Profils d’expression transcriptomique et protéomique chez l’humain du gène pgf (placental growth factor) et de la protéine PlGF. A. Illustration du profil d’expression transcriptomique du gène pgf après analyse de la base de données BrainSpan, Atlas of the Developing Human Brain dans le cerveau fœtal. Le profil visualisé s’étend de la 10e à la 39e semaine gestationnelle (SG), toutes structures cérébrales confondues. Les gènes codant le VEGFA (vascular endothelial growth factor A) et le VEGFB sont indiqués à titre de comparaison (images issues de http://www.brainspan.org/). B. Expression comparée de la protéine PlGF dans différents organes après interrogation de la base de données GeneCards, Human Gene Database. La protéine PlGF est massivement exprimée par le placenta (https://www.genecards.org/).

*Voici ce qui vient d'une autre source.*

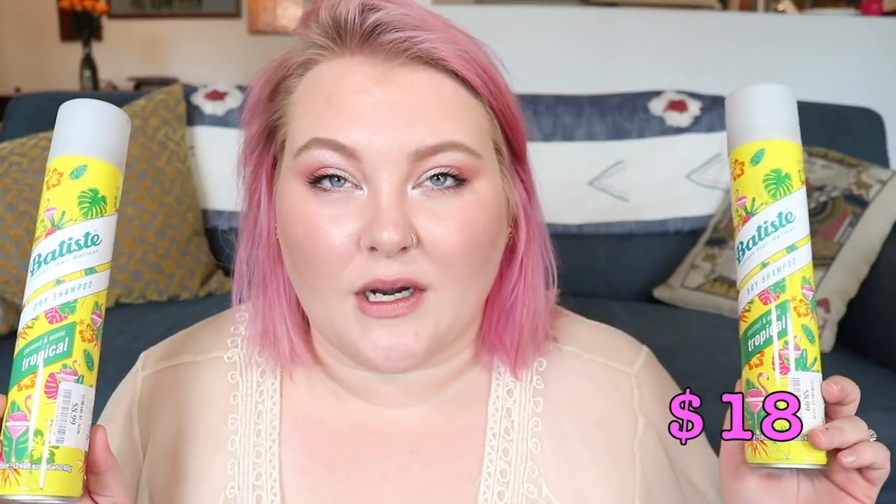In no particular order, we're going to start off with Batiste because I used up two of these. Sam and I love this stuff. This is the dry shampoo in tropical — it's the large size and I get these at Marshall's for nine dollars a piece. We can go through one of these in about a month. I don't have any good dry shampoos right now but I'm trying hard to use up the ones I have.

Alcoolisation fœtale et anomalies de l’angiogenèse placentaire

Chez l’individu adulte, plusieurs études ont établi des liens entre l’exposition à l’alcool et des anomalies de l’angiogenèse. Chez l’humain, l’alcoolisme perturbe le processus de cicatrisation en altérant les réponses angiogéniques et inflammatoires [20] et chez le primate non humain, la consommation d’éthanol réduit la capacité des précurseurs endothéliaux à générer de nouveaux capillaires [21]. Chez le rongeur, des études menées in vivo et in vitro ont révélé que l’éthanol s’opposait aux effets pro-angiogéniques du VEGFA et perturbait, notamment, l’expression de VEGFR2/Flk-1 [2224].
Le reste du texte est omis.